◆ Instructions for the task:
Transcribe exactly the stretch of lines beginning at the one containing "Na foto aparecem" and closing with the last line of the entries below. Omit images.

◆ Records contained in a dataset:

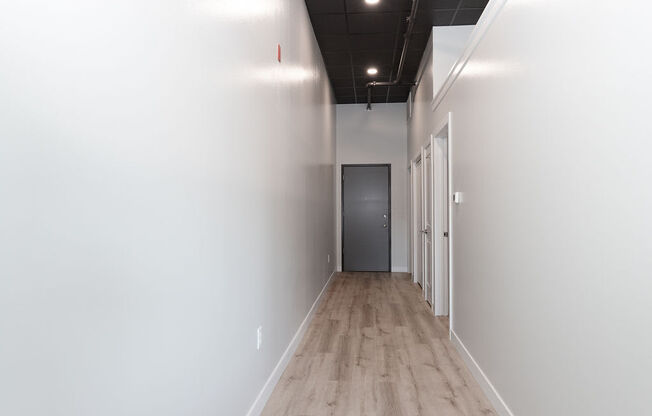 a hallway with white walls and wood floors and a door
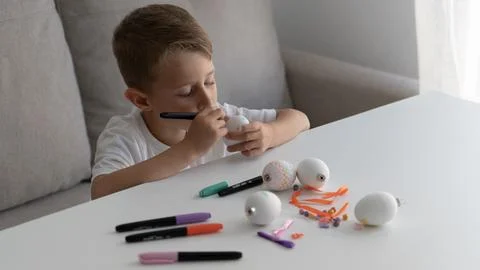 Young Boy Working on Easter Bunny Craft Project Stock Photos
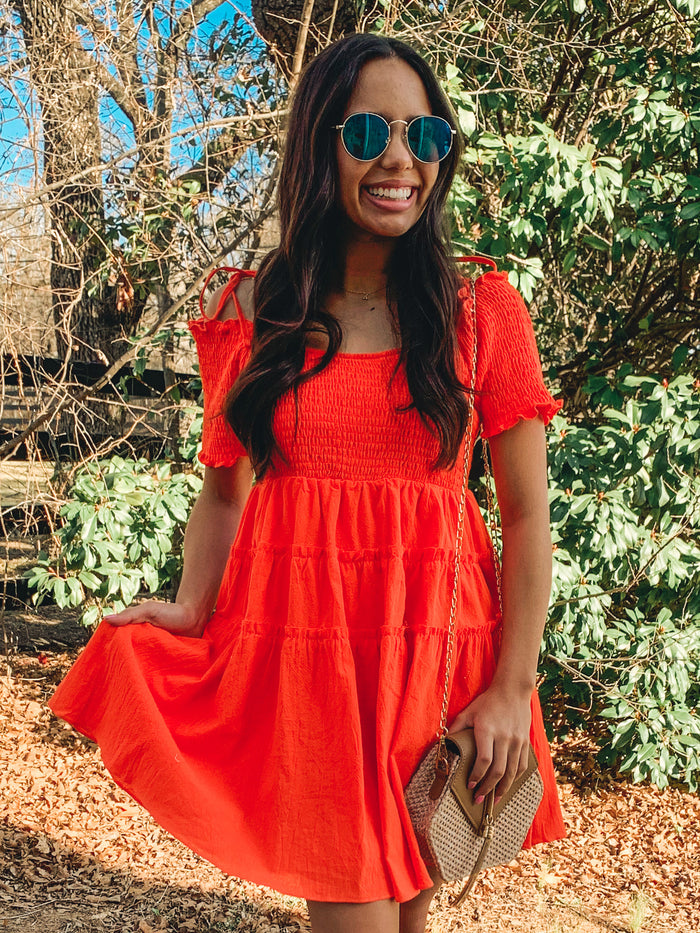 Orange smocked detail tiered mini dress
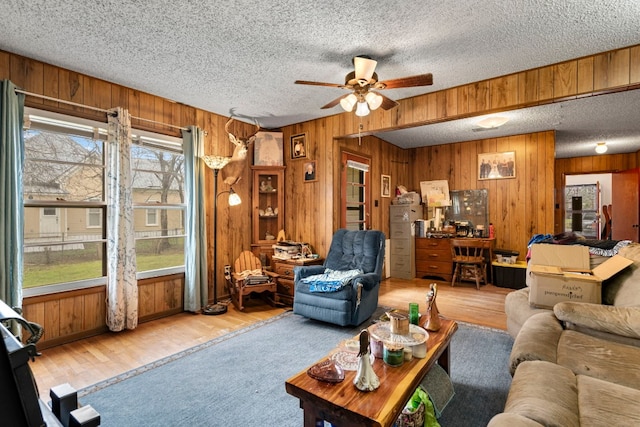 living room with a textured ceiling, wood walls, and light hardwood / wood-style floors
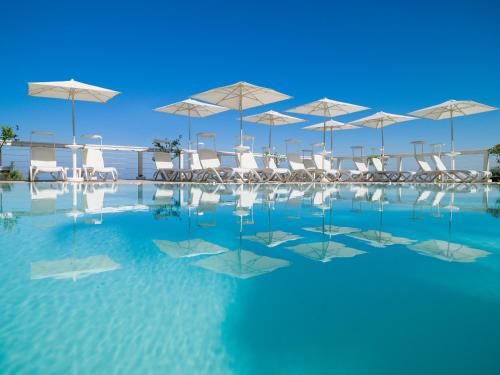 una piscina con sillas y sombrillas blancas en La Frescura del Principe Dimora di Charme, en Agropoli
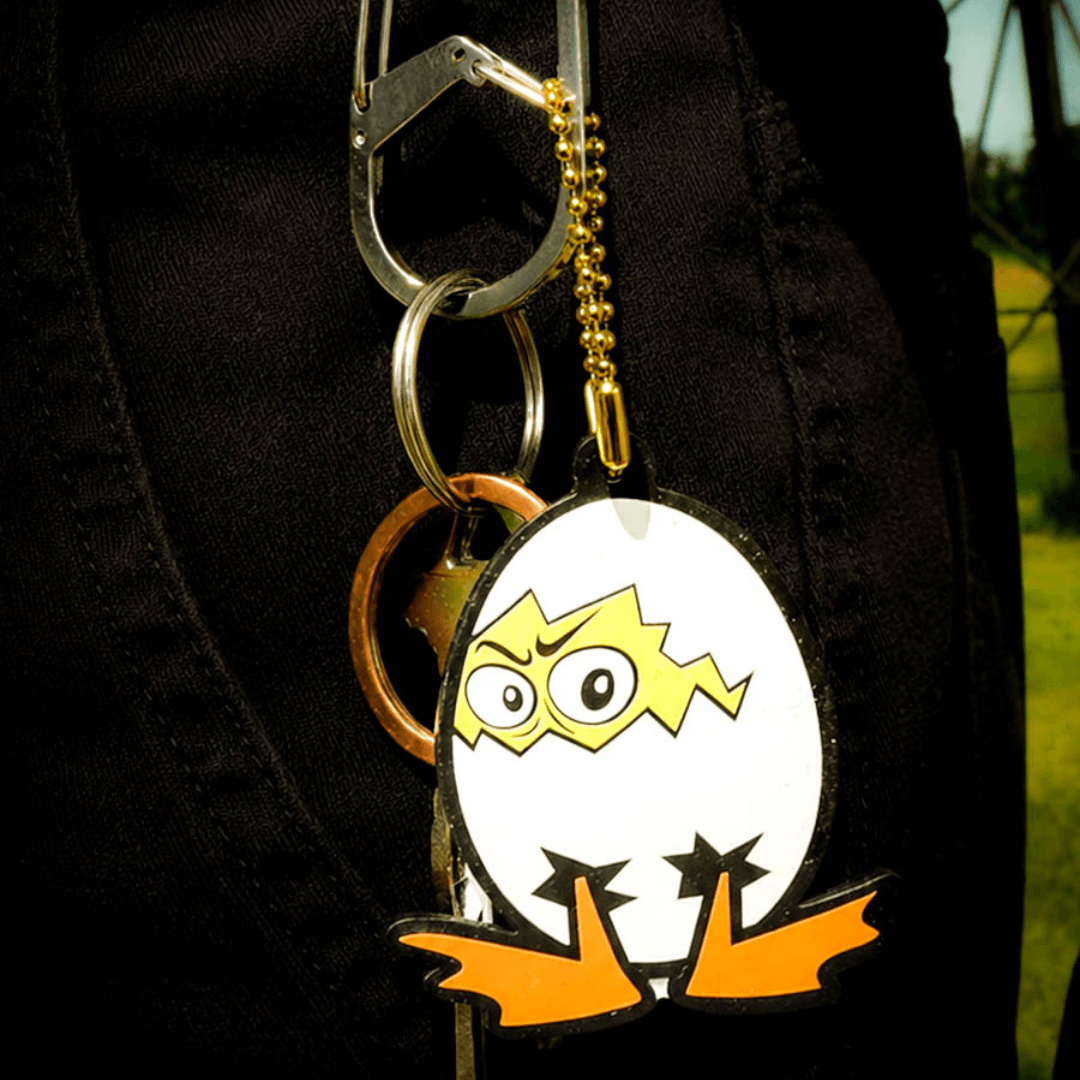 Keychain with cartoon character on a black background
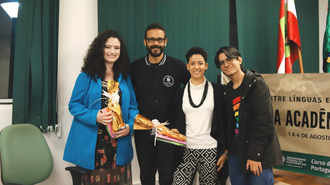 Na foto aparecem quatro pessoas em pé, em um auditório. Duas mulheres seguram presentes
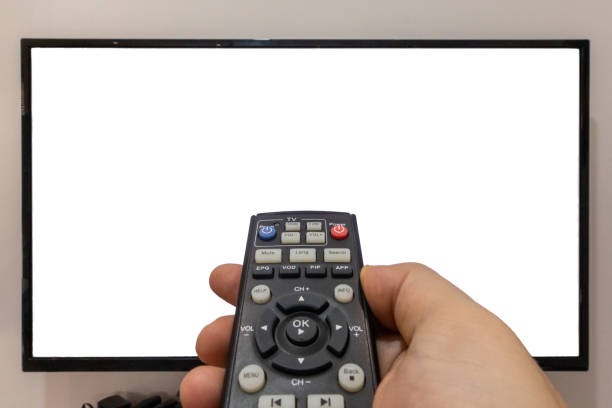 istock Changing the channels on a TV concept 1215751975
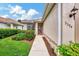 Inviting home exterior with landscaped walkway leading to the front door at 3394 Osprey Ln, Port Charlotte, FL 33953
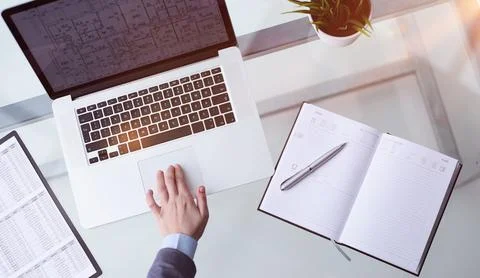 Hand using touchpad on laptop at home Stock Photos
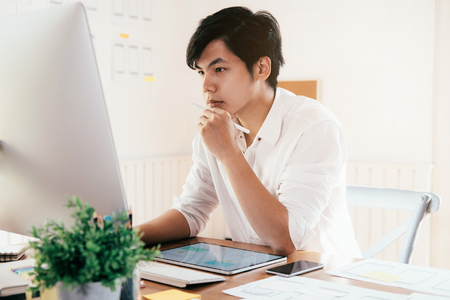 Web designer, UX UI designer design user interface of mobile phone application. Creative planning application development sketch layout wireframe design. User interface and User experience technology concept.の写真素材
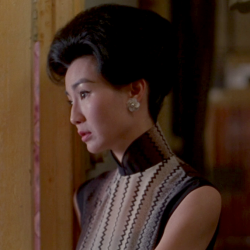 hoanbee:  Maggie Cheung wears a different cheongsam (qipao) dress in each scene of Wong Kar-Wai’s In the Mood For Love. There were 46 in all, though not all made it to the final cut. 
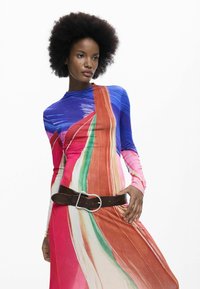 Hosszú ujjú, többszínű ruha élénk kék, piros, zöld és rózsaszín csíkokkal. Barna övvel, ezüst csattal.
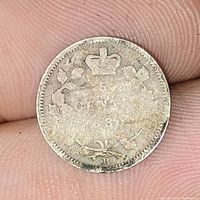 Close-up photo showing reverse side of the 1880 Canadian 5 cent silver coin with crown and wreath design, worn condition.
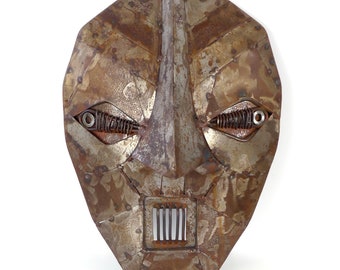 Contemporary gross metal mask - Folk art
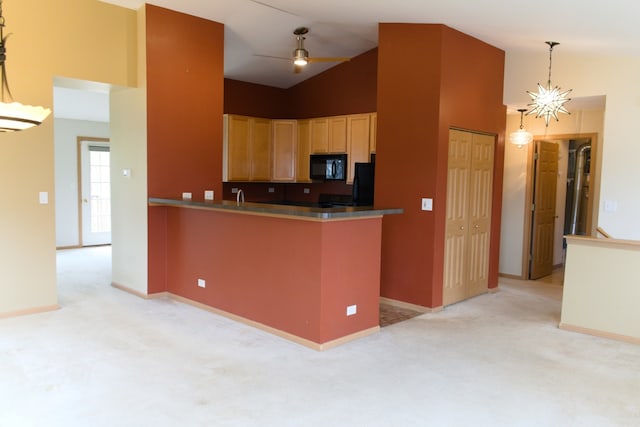 kitchen with light brown cabinets, high vaulted ceiling, decorative light fixtures, light colored carpet, and kitchen peninsula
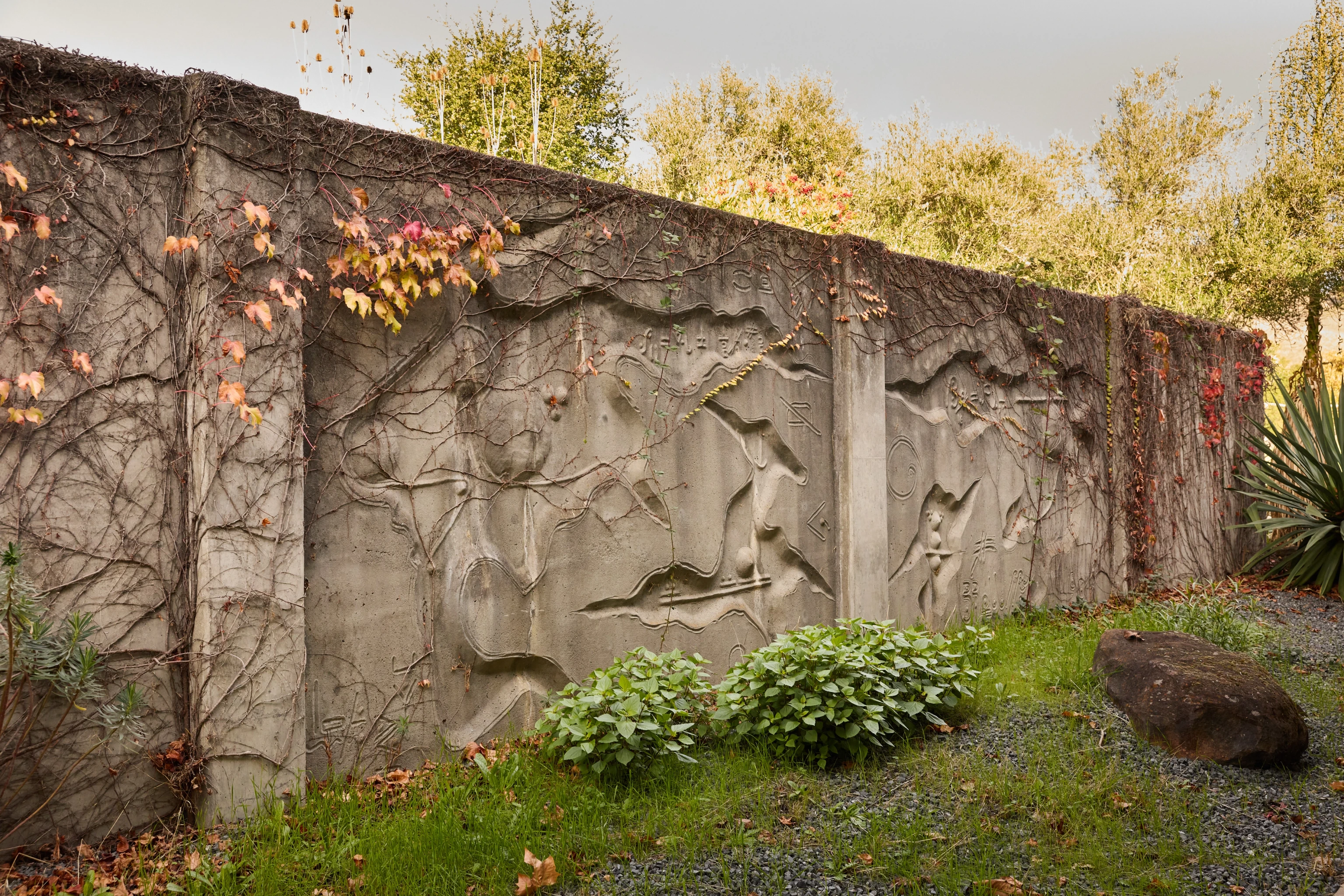 Angled view of a concrete relief mural by artist Gurdon Woods.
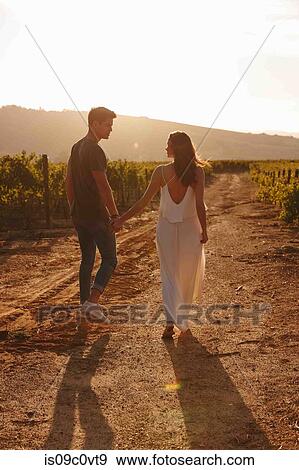 Stock Photo - Couple walking along vineyard, Cape Town, South Africa. Fotosearch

◆ Response:
 Na foto aparecem quatro pessoas em pé, em um auditório. Duas mulheres seguram presentes
 istock Changing the channels on a TV concept 1215751975
 Inviting home exterior with landscaped walkway leading to the front door at 3394 Osprey Ln, Port Charlotte, FL 33953
 Hand using touchpad on laptop at home Stock Photos
 Web designer, UX UI designer design user interface of mobile phone application. Creative planning application development sketch layout wireframe design. User interface and User experience technology concept.の写真素材
 hoanbee:  Maggie Cheung wears a different cheongsam (qipao) dress in each scene of Wong Kar-Wai’s In the Mood For Love. There were 46 in all, though not all made it to the final cut. 
 Hosszú ujjú, többszínű ruha élénk kék, piros, zöld és rózsaszín csíkokkal. Barna övvel, ezüst csattal.
 Close-up photo showing reverse side of the 1880 Canadian 5 cent silver coin with crown and wreath design, worn condition.
 Contemporary gross metal mask - Folk art
 kitchen with light brown cabinets, high vaulted ceiling, decorative light fixtures, light colored carpet, and kitchen peninsula
 Angled view of a concrete relief mural by artist Gurdon Woods.
 Stock Photo - Couple walking along vineyard, Cape Town, South Africa. Fotosearch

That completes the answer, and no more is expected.